No Rio, Zema cutuca PL de Flávio Bolsonaro: “Tem muita gente com coisa pendente no Supremo”
Pré-candidato do Novo reforçou que não será vice e que seu partido não tem “rabo preso” por ações na Corte


Victor Schneider
O ex-governador Romeu Zema (Novo) voltou a dizer nesta quinta-feira (7) que pretende disputar as eleições para presidente como cabeça de chapa, e não como vice do senador Flávio Bolsonaro (PL-RJ). Em evento na Associação Comercial do Rio de Janeiro, Zema avaliou que seu partido se diferencia do de Flávio por poder criticar o Supremo Tribunal Federal (STF) sem “rabo preso" por ações que dependem da Corte, sem especificar.
A campanha de Zema insiste em conflitos públicos com ministros do STF, em especial o decano, Gilmar Mendes, como trampolim para tentar posicioná-lo como o candidato que combaterá privilégios e acuará o STF enquanto chefe do Planalto.

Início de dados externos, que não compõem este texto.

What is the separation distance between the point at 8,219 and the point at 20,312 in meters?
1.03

Vídeos publicados nas redes sociais do mineiro mostram os magistrados e outras figuras, como o presidente Luiz Inácio Lula da Silva (PT), sob a alcunha de “intocáveis", acima da Justiça. Em resposta, Gilmar diz que Zema abusa da liberdade de expressão e deve ser incluído no inquérito das fake news, que apura ataques contra ministros da Corte desde 2019.
“Eu tenho questionado e criticado muito o Supremo. Me parece que tem muita gente do PL que tem restrição a esses críticas porque tem coisa pendente lá. Eu e os parlamentares do Partido Novo não temos o rabo preso com ninguém. Somos uma partido pequeno, mas coerente e diferenciado, com ficha limpa", disse Zema em fala a jornalistas.
O SBT News procurou o PL para comentar a declaração, mas não obteve resposta até a publicação desta reportagem. O espaço segue aberto.
Prisão de Ciro Nogueira
O pré-candidato do Novo também comentou sobre a 5ª fase da Operação Compliance Zero, que fez buscas nesta quinta em endereços ligados ao senador Ciro Nogueira (PP-PI), ex-ministro no governo Bolsonaro, de quem Zema é próximo. Ciro é acusado de receber uma mesada de R$ 300 mil de Daniel Vorcaro para atuar em favor dos interesses do banqueiro no Congresso. Ele nega qualquer ilícito.
O mineiro não isentou Ciro e disse ser favorável à “toda investigação", mas considerou que o caso Master só se disseminou pela falta de aparatos prévios de controle e punição pós-Lava Jato. Também provocou Lula ao dizer que o presidente “está caladinho” sobre as investigações porque haveria “muita gente do PT envolvida” no caso. Até o momento, nenhum nome ligado ao partido foi alvo de operações, mas Zema acredita que ainda há pano para manga conforme a investigação se aprofunda.
“Aquilo ali [investigação do Master] é igual a uma metástase, vai espalhando e quanto mais o cirurgião aprofundar, mais vai estar encontrando tumores. É a ponta do iceberg. Ainda teremos celulares, notebooks, delações premiadas.”